Performance Tuning: Concatenation Functions and Some Tuning Myths

  • Jeff Moden (1/1/2008)


    You must have slept through that part of the 431 prep...

    Please tell me they don't actually teach how to use Triangular Joins to derive running totals 😛

    oops - I quoted a bit too much. I was talking about them actually introducing the concept of joins other than equijoins....(i.e. Gila's comment as to no mention of non equijoins).

    And no - I haven't yet run into any part talking about computing running totals.....

    ----------------------------------------------------------------------------------
    Your lack of planning does not constitute an emergency on my part...unless you're my manager...or a director and above...or a really loud-spoken end-user..All right - what was my emergency again?

  • Matt Miller (1/1/2008)


    You must have slept through that part of the 431 prep...:)

    OK, I will admit I didn't do the 431 training. Did do all of the SQL developer training (for exams 441, 442) and I don't recall a discussion of joins

    Gail Shaw
    Microsoft Certified Master: SQL Server, MVP, M.Sc (Comp Sci)
    SQL In The Wild: Discussions on DB performance with occasional diversions into recoverability

    We walk in the dark places no others will enter
    We stand on the bridge and no one may pass
  • Lovely example of a coding `performance issue` we found just before christmas...

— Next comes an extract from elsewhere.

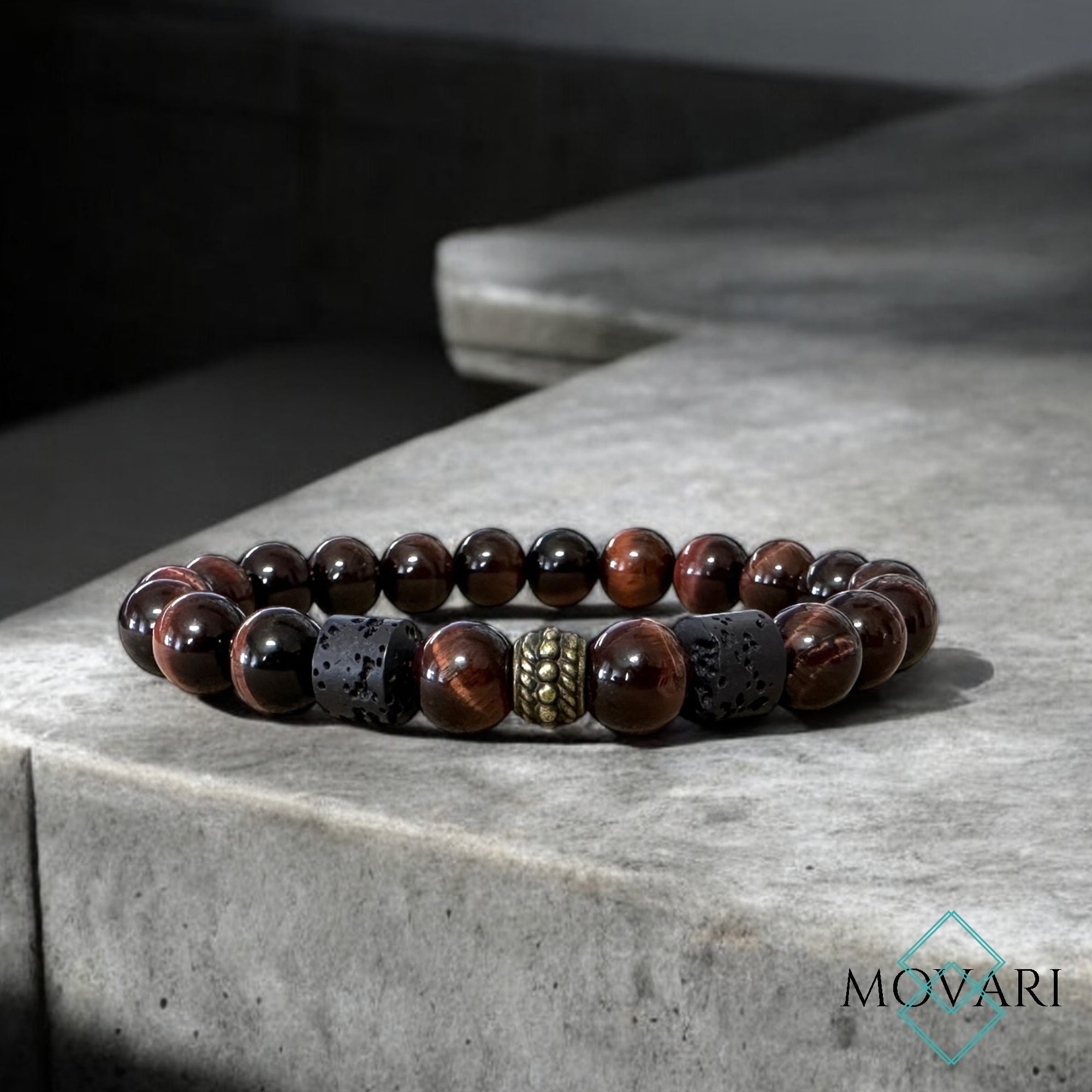 Mens Masculine Bead Bracelet Red Tigers Eye Lava 8mm Healing Crystals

    A collegue here overseas a system with a process they were running that was incredibly slow. (External product we have). Actually, one of a few processes that run slowly with that system 😉

    So I showed him the wonder that is `sql server profiler` 🙂 (Which some of our dba's here seem to know little about!)

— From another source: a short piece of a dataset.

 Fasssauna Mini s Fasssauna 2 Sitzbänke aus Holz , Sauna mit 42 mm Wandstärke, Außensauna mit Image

    Spotted a strange pattern in the code being run. 400 instances of count(*) being called when we ran a single record of the process in question, running about 15ms per count(*). In a live situation, this may happen over increasing number of records. Only 100 records? 10 minutes of count(*)'s 🙂

    So we investigate more, and this same code was running all over the place.

    We contacted the suppliers and talked to a developer.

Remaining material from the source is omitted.